Die Abbildung zeigt die Albedo von Oberflächen im Vergleich
Albedo von Geländeoberflächen: frischer und alter Schnee reflektieren am meisten der wärmenden Einstrahlung.

Globale Trends, regionale Unterschiede

Im weltweiten Vergleich zeigten sich zwar gemeinsame Faktoren, die für die raschere Temperaturzunahme in großen Höhen sorgen, deren relative Bedeutung im Zusammenspiel der Ursachen kann jedoch von Gebirge zu Gebirge variieren. Für die heimischen Gletscher ist das Ergebnis jedenfalls nicht rosig: Im gesamten Alpenraum steigt die Durchschnittstemperatur etwa doppelt so rasch an wie im weltweiten Mittel, so Wolfgang Schöner im Interview. Im Hochgebirge ist dieser Effekt jedoch noch deutlicher zu erkennen. Die damit einhergehende Gletscherschmelze wird jährlich im österreichischen Gletscherbericht dokumentiert, der Thema der vorigen Ausgabe dieses Newsletters war.

Gepatschferner mit und ohne Gletscher
Gepatschferner – weitere 91 m Verlust (oben: 2012, unten 2014)
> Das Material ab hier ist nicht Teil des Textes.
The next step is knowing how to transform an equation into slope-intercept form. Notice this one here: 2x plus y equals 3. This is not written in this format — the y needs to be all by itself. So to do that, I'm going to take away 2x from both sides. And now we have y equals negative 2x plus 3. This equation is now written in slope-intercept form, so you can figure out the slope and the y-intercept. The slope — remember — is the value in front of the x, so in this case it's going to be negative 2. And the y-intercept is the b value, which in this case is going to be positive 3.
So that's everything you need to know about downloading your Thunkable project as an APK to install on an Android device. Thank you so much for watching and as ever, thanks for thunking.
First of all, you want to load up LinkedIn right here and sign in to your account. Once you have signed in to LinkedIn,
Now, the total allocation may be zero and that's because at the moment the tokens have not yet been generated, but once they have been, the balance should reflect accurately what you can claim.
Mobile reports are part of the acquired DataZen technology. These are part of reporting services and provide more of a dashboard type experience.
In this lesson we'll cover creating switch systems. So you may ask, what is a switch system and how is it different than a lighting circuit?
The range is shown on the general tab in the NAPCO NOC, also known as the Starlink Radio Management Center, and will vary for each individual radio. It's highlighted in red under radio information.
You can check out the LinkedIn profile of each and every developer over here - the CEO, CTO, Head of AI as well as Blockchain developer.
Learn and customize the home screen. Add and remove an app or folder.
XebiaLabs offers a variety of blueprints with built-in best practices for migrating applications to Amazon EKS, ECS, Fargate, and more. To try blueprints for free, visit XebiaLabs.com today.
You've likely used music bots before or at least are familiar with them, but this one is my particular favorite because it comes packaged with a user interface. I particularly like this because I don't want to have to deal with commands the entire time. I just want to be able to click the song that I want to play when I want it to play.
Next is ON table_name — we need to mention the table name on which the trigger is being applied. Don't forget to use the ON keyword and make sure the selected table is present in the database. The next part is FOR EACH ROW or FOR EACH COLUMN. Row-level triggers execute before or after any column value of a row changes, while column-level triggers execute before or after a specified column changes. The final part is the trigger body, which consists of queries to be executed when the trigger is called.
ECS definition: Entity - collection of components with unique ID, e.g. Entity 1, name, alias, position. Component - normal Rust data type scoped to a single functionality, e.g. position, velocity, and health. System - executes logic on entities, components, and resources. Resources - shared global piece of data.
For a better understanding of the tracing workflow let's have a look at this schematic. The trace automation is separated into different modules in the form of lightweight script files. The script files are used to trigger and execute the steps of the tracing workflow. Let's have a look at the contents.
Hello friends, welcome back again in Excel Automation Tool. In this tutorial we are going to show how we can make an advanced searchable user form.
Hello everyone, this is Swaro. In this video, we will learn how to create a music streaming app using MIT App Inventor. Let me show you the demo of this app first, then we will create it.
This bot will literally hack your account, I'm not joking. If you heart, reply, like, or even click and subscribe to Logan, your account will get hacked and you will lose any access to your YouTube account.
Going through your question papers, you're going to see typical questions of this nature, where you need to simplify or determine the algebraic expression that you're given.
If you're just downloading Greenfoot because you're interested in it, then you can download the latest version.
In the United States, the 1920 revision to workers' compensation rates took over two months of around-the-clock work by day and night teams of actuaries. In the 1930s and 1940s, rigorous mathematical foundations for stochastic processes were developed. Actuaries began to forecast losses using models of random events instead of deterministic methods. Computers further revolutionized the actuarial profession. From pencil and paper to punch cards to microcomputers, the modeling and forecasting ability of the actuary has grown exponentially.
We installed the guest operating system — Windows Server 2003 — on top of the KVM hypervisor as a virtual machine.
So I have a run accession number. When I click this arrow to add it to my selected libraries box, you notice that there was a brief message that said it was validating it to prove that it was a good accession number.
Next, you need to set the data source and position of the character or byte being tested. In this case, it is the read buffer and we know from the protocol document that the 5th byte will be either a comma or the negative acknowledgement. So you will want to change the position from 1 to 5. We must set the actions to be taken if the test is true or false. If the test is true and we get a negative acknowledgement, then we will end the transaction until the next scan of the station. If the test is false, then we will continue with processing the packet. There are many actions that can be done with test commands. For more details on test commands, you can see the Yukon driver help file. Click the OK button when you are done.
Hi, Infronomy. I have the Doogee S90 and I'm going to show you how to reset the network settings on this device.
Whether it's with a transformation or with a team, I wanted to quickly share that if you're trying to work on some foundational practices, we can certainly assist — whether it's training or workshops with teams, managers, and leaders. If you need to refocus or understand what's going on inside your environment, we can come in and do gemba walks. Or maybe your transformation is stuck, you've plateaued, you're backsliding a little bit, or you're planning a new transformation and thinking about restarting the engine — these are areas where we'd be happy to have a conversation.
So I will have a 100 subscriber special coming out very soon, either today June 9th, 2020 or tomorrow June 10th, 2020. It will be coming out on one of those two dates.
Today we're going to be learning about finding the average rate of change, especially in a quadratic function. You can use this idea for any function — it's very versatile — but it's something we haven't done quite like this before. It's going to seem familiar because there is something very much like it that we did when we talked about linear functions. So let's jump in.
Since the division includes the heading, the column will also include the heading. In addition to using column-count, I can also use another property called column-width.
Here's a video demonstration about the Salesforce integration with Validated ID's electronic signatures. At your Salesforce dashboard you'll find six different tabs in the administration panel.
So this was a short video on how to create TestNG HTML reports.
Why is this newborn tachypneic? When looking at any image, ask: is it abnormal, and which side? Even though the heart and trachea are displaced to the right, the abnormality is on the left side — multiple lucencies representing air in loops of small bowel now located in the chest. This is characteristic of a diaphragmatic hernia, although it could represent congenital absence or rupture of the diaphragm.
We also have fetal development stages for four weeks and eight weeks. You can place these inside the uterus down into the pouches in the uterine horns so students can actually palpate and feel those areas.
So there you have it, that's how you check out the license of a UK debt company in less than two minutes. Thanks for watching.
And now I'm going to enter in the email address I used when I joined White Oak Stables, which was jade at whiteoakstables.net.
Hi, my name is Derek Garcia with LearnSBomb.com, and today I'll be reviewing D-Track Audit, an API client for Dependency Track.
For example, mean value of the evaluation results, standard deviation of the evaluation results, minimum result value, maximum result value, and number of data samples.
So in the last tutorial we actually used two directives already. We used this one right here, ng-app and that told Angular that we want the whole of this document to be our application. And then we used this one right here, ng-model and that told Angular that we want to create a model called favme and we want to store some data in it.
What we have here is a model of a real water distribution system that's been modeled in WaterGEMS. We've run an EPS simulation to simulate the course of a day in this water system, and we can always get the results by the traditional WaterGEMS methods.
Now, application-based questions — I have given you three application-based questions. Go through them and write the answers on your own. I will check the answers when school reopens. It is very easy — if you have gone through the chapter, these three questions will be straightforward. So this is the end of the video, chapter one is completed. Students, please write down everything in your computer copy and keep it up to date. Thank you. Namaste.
Auftrag zu Klima- und Gletscherschutz

Gletscher sind ein imposantes und charakteristisches Element der Hochgebirgskulisse, auch im Sommer. Ihr Schwinden ist, nicht nur, aber auch aus touristischer Sicht sehr bedauerlich. Vor allem auf regionaler Ebene kann der Gletscherschwund eine Interessensabwägung zwischen kurzfristiger Saisonverlängerung und längerfristiger Bewahrung der zunehmend knappen Ressource erfordern. Gletscherschutz ist auch Klimaschutz und daraus ergibt sich der private und öffentliche Handlungsauftrag. (Juli, 2015)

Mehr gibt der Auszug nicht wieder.